ONE of the major draws for many people to Bali is the abundance of high quality goods produced by skilled artisans. For centuries the Balinese have been renowned for their superb craftsmanship when it comes to producing jewellery, wood carvings, paintings, textiles and handicrafts to name a few, and their traditional methods and adroitness continue on today. Local products can be found in tourist shops around the island, and handicrafts exports add a huge boost to the economy.

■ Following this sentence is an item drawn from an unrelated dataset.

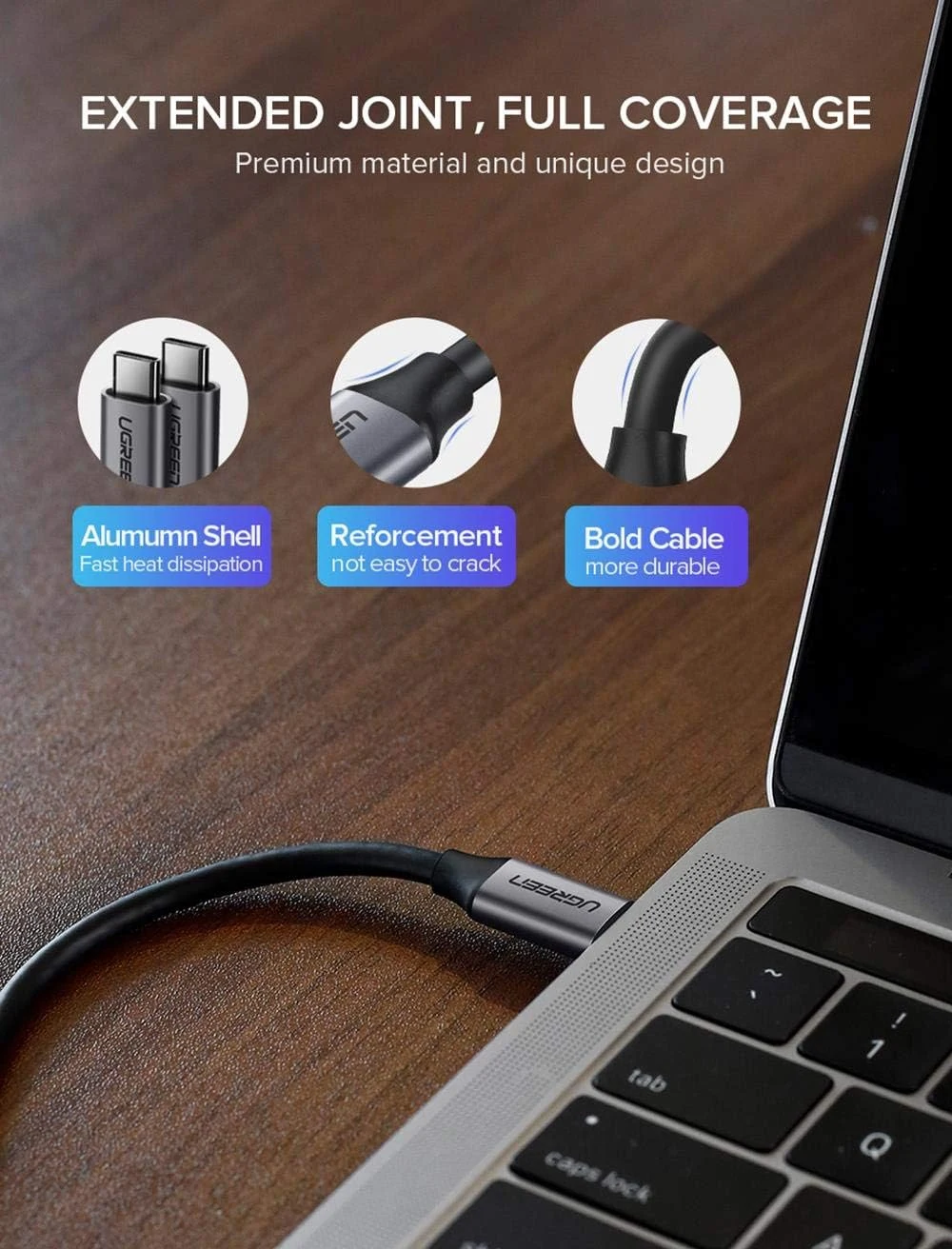 يوجرين US161 كابل USB-C 3.1 ذكر إلى USB-C 3.1 ذكر – بطول 1.5 متر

However, the sad fact is that many of these hard working artisans receive only a small percentage of the benefits that their products bring. Craft producers rarely know to whom, or to which countries their products are being sold or traded and at what price. Employers and middlemen may not offer a fair deposit before the artisans start work or a fair price after the work is done, and in some circumstances they may not pay at all. In the end it is mainly the middlemen and the shop owners who reap the benefits of the products.
It is this inequality and exploitation that prompted Agung Alit to found Mitra Bali in 1993. His aim is to engage craftsmen in the tourism industry so that they are empowered in their work and lives. In this way, he hopes to eradicate exploitation, decrease poverty and find a better balance between the rich and the poor. To do this, Mitra Bali has become actively involved in assisting marginalised craft producers to understand fair trade and develop a fair trade model.

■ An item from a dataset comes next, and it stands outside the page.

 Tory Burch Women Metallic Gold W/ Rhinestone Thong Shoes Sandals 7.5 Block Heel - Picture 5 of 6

Mitra Bali works on the core fair trade principles of clear dialogue and transparency, equality and mutual respect in trading partnerships. They calculate fair payments with producers based on a percentage of the sale price of the products, and the producers receive 50 per cent of the total payment up front. They also offer artisans free training workshops on design and product development, interest free loans, emergency and old age benefits, and funds to build clean water supplies and toilets in villages and support village cooperatives and farmers.
Craftsmen also work closely with Mitra Bali’s product design, development, and marketing teams to keep on top of the latest sales trends in the global market and interesting innovations. The artisans can then draw on their traditional skills and source appropriate local materials to create high quality products that sell. You can find a range of locally produced products in the Mitra Shop on Jalan Monkey Forest in Ubud including homewares, home decor, gifts and jewellery.